═══ Data excerpts ═══
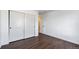 A bedroom with hardwood floors, closet with sliding doors, and a doorway that gives depth to the space at 9735 E 112Th Pl, Commerce City, CO 80640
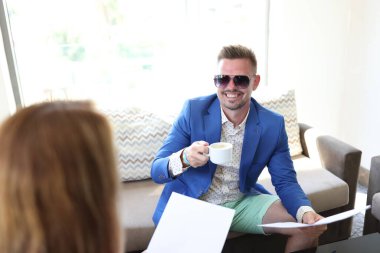 Kahvesinde bir fincan kahve ve belgeyle mavi takım elbiseli, gülümseyen genç bir adam kafede bir kadınla buluşuyor.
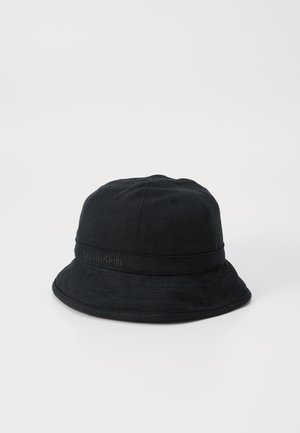 Juodas medvilninis kibiro skrybėlė su plačiu kraštu, pasižyminti tekstūruota apdaila ir iškilniu "Calvin Klein" logotipu ant juostos.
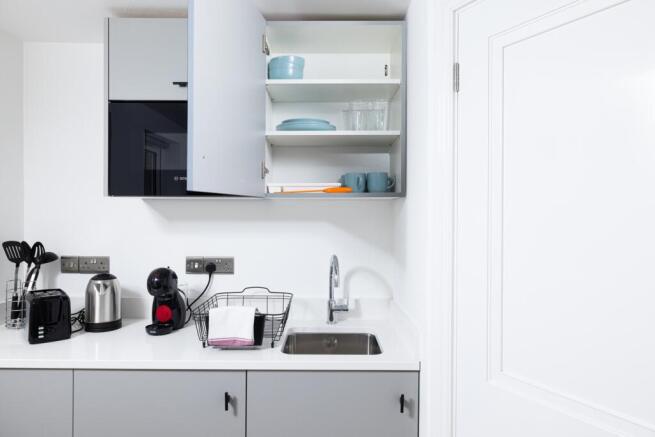 Modern kitchen featuring sleek cabinetry and am...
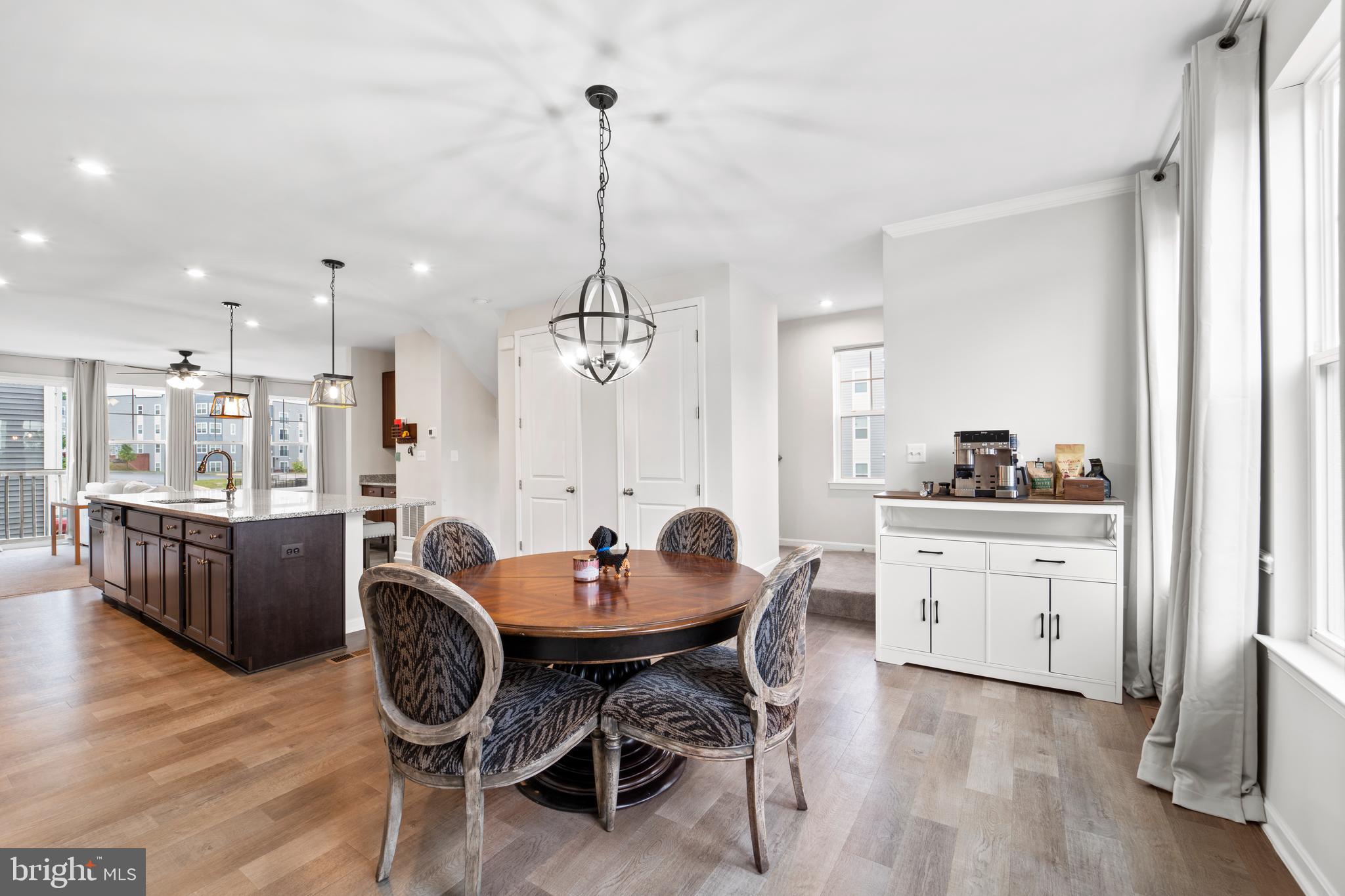 18216 Summit Pointe Drive Triangle, VA 22172 - Photo 8 of 25 a dining room with furniture a chandelier and wooden floor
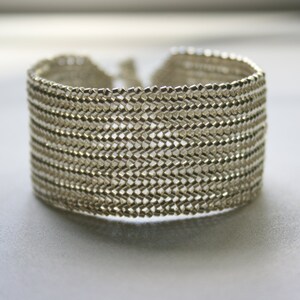 May include: A silver bracelet made of small, interconnected metal links, creating a woven, textured pattern.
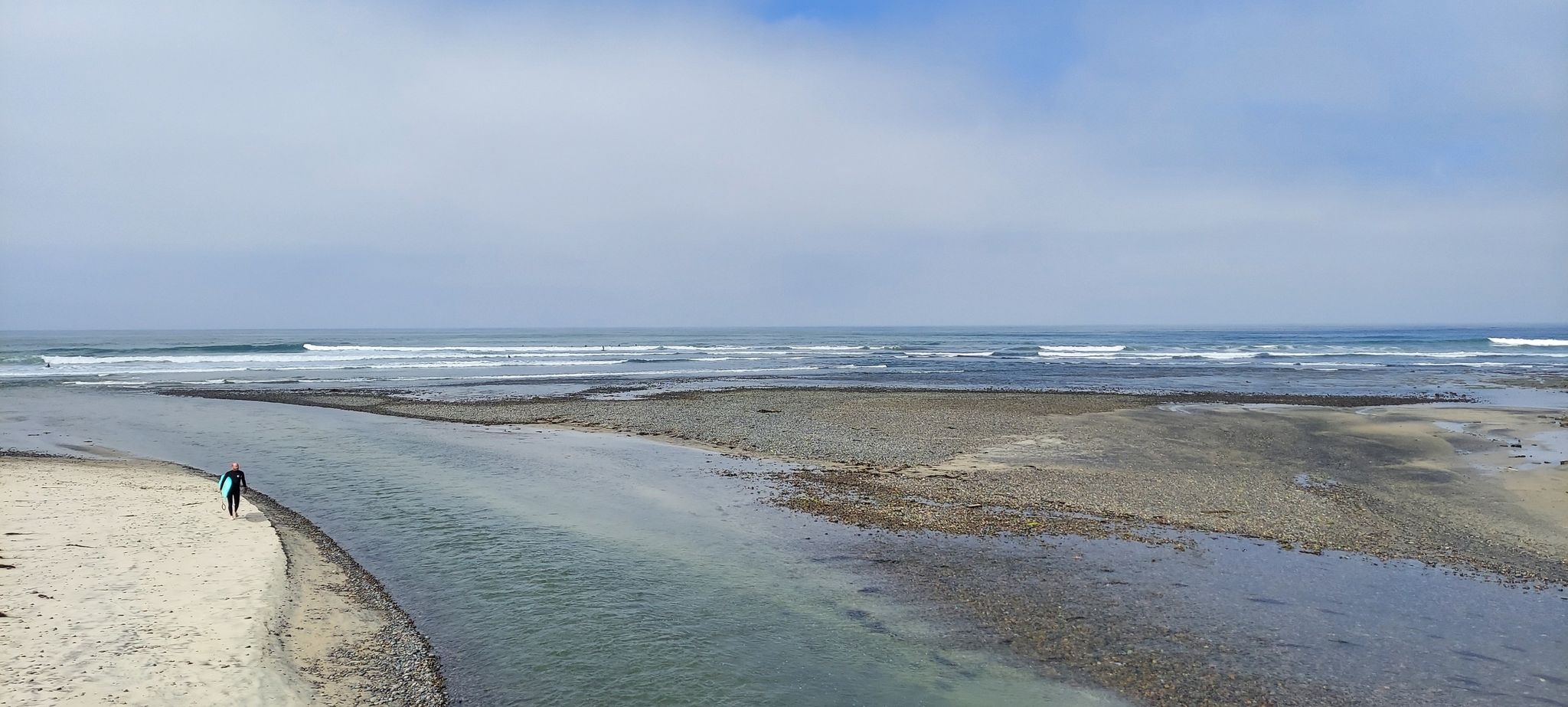 River flowing into the ocean, with a person carrying a surfboard. - San Elijo Lagoon Estuary Canal – Swami's Seaside Park loop from Hunter 1940 Parking Lot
═══
Extract only the lines from the line containing "18216 Summit Pointe" through the final line of the records; keep both ends and drop every picture.

(Written reply)
 18216 Summit Pointe Drive Triangle, VA 22172 - Photo 8 of 25 a dining room with furniture a chandelier and wooden floor
 May include: A silver bracelet made of small, interconnected metal links, creating a woven, textured pattern.
 River flowing into the ocean, with a person carrying a surfboard. - San Elijo Lagoon Estuary Canal – Swami's Seaside Park loop from Hunter 1940 Parking Lot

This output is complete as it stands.